━━━━━ SOURCE DATA ━━━━━
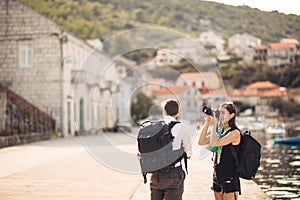 Young freelancing photographers enjoying traveling and backpacking.Photojournalism.Documentary travel photos.Lightweight travel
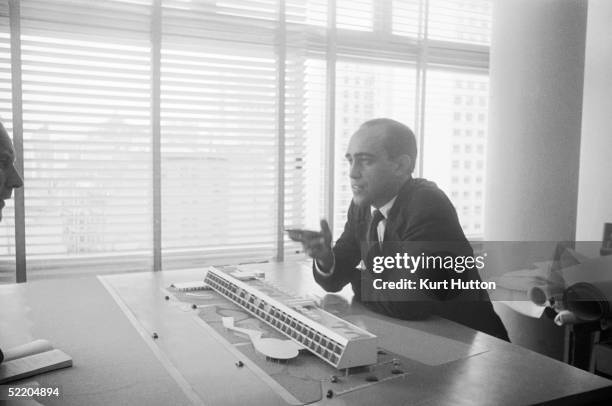 Brazilian architect Oscar Niemeyer discusses one of his designs, 3rd June 1960. Original Publication : Picture Post - 4971 - Niemeyer: A South...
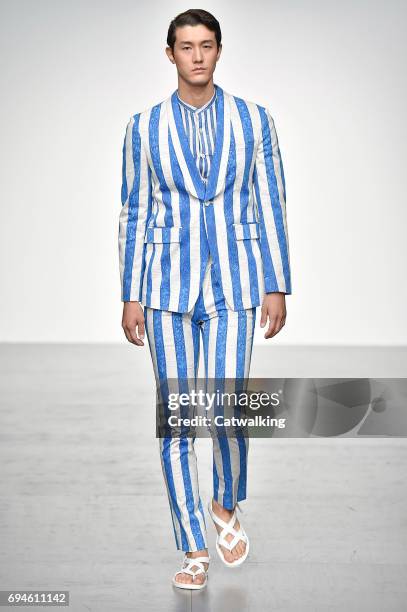 Model walks the runway at the Songzio Spring Summer 2018 fashion show during London Menswear Fashion Week on June 10, 2017 in London, United Kingdom.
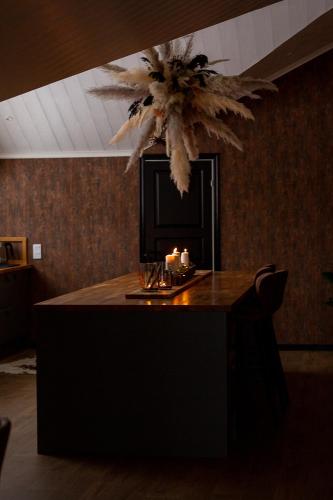 a room with a table with candles and a chandelier at Mysig lägenhet med öppen planlösning på hästgård. in Ljung
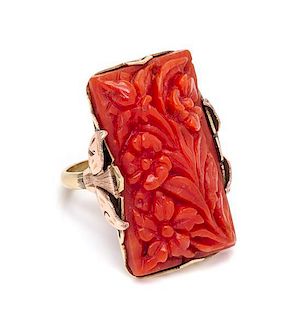 An 18 Karat Bicolor Gold and Carved Coral Ring, 5.90 dwts.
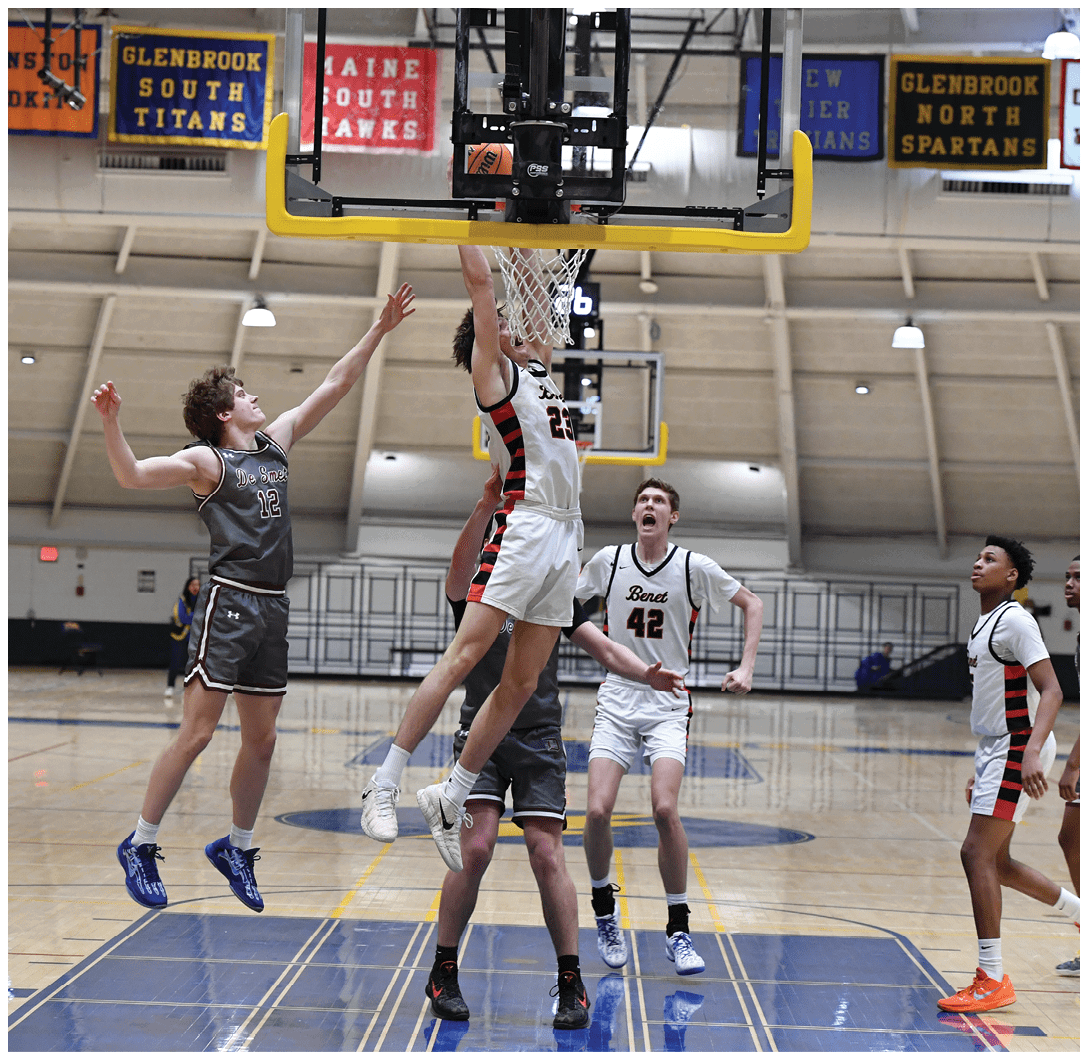 Basketball players in action on a court, with one player jumping to block a shot. AI generated content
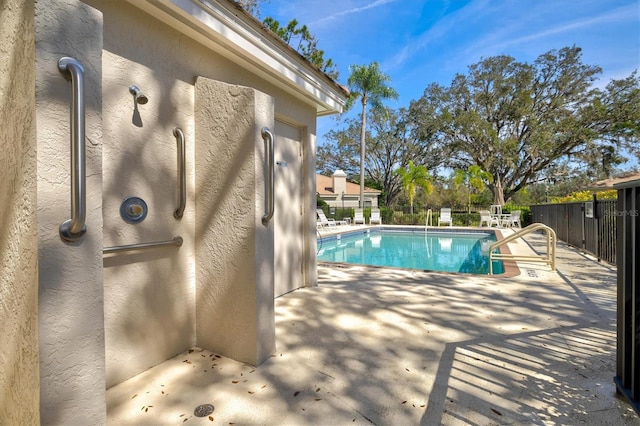 community pool featuring a patio area and fence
━━━━━
### TRY IT
With the pictures omitted, print precisely the lines from the one with "An 18 Karat" to the final line of the records, both included.

### ANSWER TO THIS PROBLEM
 An 18 Karat Bicolor Gold and Carved Coral Ring, 5.90 dwts.
 Basketball players in action on a court, with one player jumping to block a shot. AI generated content
 community pool featuring a patio area and fence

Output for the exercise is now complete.